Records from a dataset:
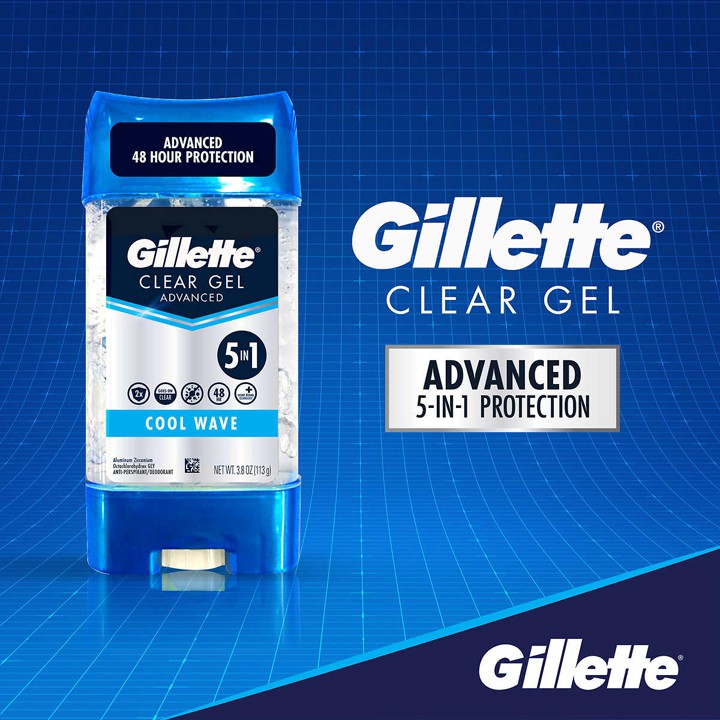 Lăn khử mùi Gillette Advanced Clear Gel Antiperspirant  Cool Wave 107g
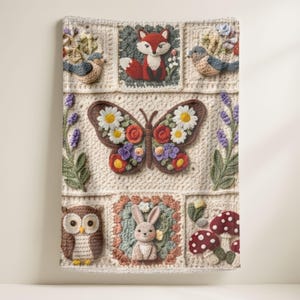 May include: A cream-colored crochet blanket featuring a whimsical forest theme. The blanket showcases a fox, owl, bunny, butterfly, birds, mushrooms, and flowers. The design incorporates various colors, including red, brown, white, and purple.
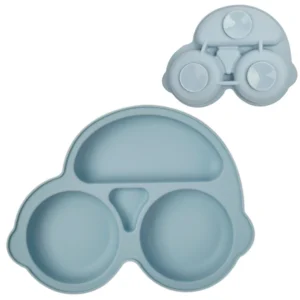 Baby Silicone Dining Plate Kids Feeding Plate Sucker Bowl Solid car Face Children Dishes Toddler Training Tableware BPA FREE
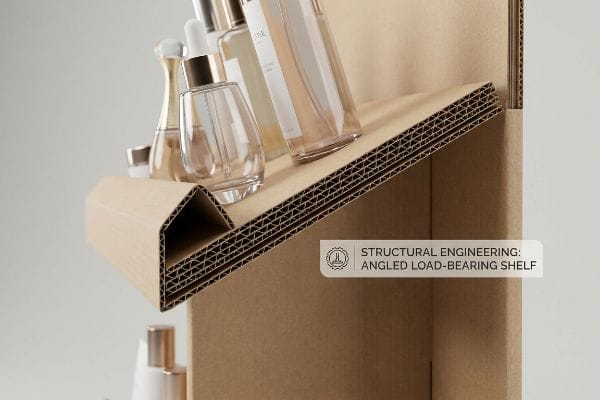 Corrugated cardboard angled load-bearing shelf with cosmetic glass bottles, showcasing Structural Engineering.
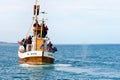 Husavik, Iceland - July, 2008: Whale watching Royalty Free Stock Photo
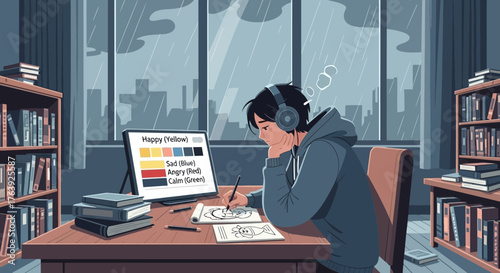 Digital artist exploring emotions through colors and drawing on a rainy day scene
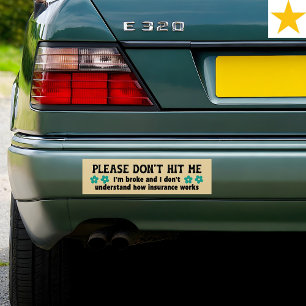 Funny Phrase Retro Floral Insurance Joke   Bumper Sticker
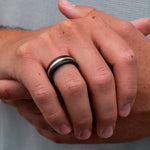 Load image into Gallery viewer, Black Diamond - Men’s Ring 8mm - 24k Yellow Gold Inlay - ARES - Elysium Black Diamond
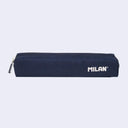 Navy blue pencil case, with a navy blue zip top and branding on the side that reads "MILAN"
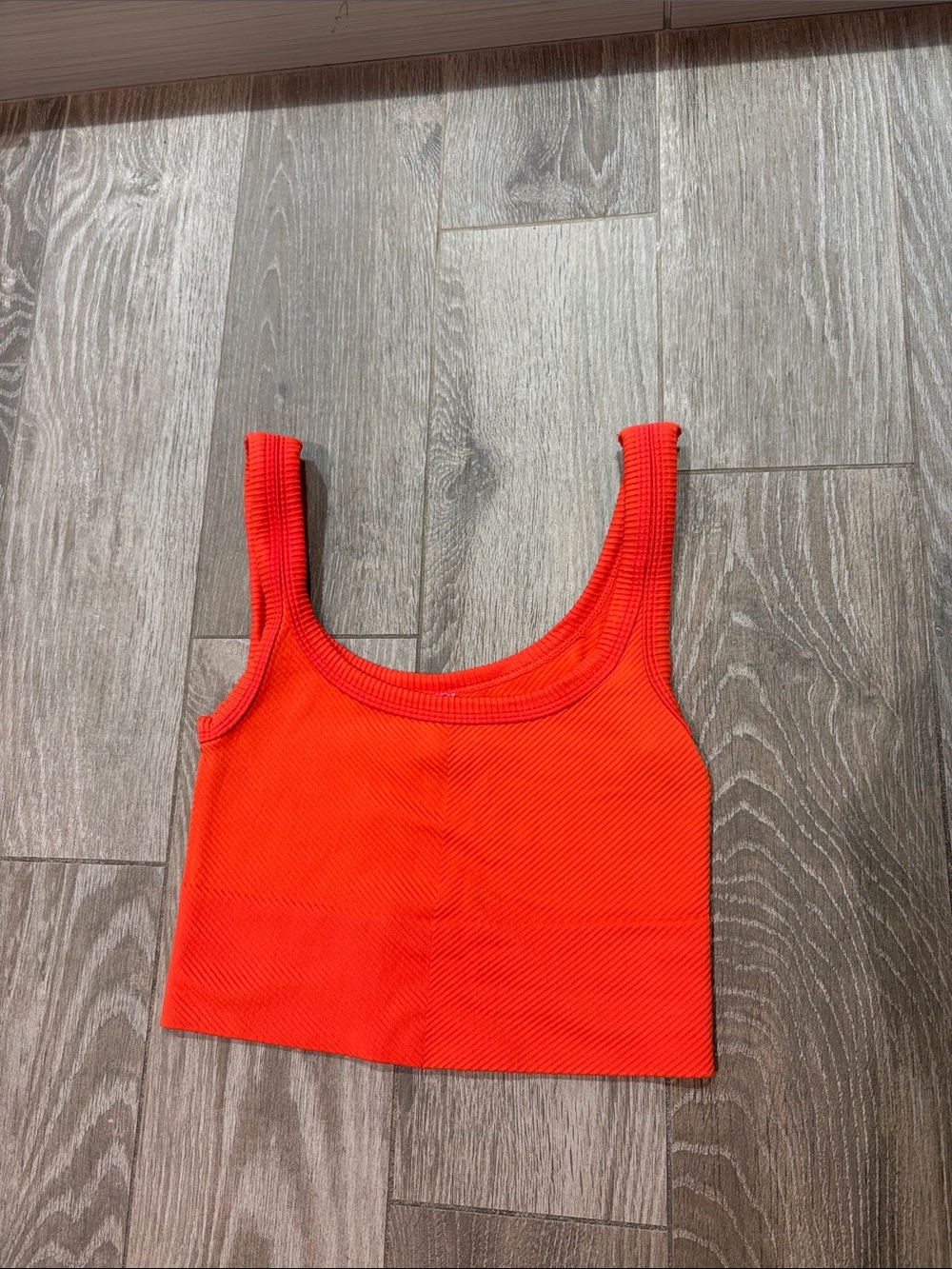 Nikibiki Bright Orange Ribbed Scoop Crop Tank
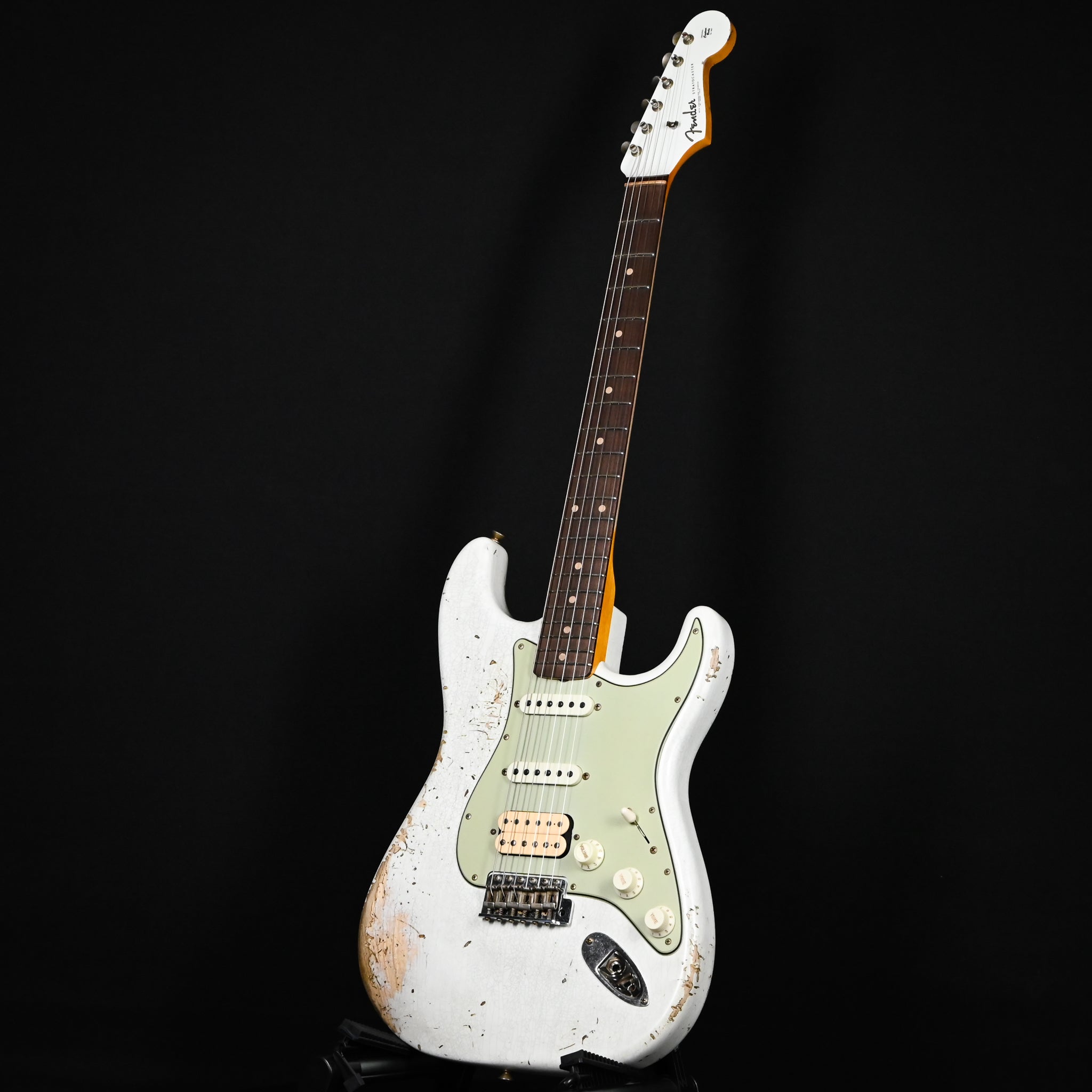 Fender Custom Shop '62 Stratocaster HSS w/ Painted Headcap, Heavy Relic- Olympic White 2026 (R146939)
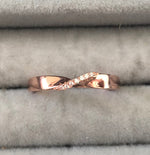 Thin Rings with clear zircon stones - Sparkle Collection O Rose gold plated silver No1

- Exercise: Restate the data above word for word. Skip every picture.

- Answer:
 Lăn khử mùi Gillette Advanced Clear Gel Antiperspirant  Cool Wave 107g
 May include: A cream-colored crochet blanket featuring a whimsical forest theme. The blanket showcases a fox, owl, bunny, butterfly, birds, mushrooms, and flowers. The design incorporates various colors, including red, brown, white, and purple.
 Baby Silicone Dining Plate Kids Feeding Plate Sucker Bowl Solid car Face Children Dishes Toddler Training Tableware BPA FREE
 Corrugated cardboard angled load-bearing shelf with cosmetic glass bottles, showcasing Structural Engineering.
 Husavik, Iceland - July, 2008: Whale watching Royalty Free Stock Photo
 Digital artist exploring emotions through colors and drawing on a rainy day scene
 Funny Phrase Retro Floral Insurance Joke   Bumper Sticker
 Load image into Gallery viewer, Black Diamond - Men’s Ring 8mm - 24k Yellow Gold Inlay - ARES - Elysium Black Diamond
 Navy blue pencil case, with a navy blue zip top and branding on the side that reads "MILAN"
 Nikibiki Bright Orange Ribbed Scoop Crop Tank
 Fender Custom Shop '62 Stratocaster HSS w/ Painted Headcap, Heavy Relic- Olympic White 2026 (R146939)
 Thin Rings with clear zircon stones - Sparkle Collection O Rose gold plated silver No1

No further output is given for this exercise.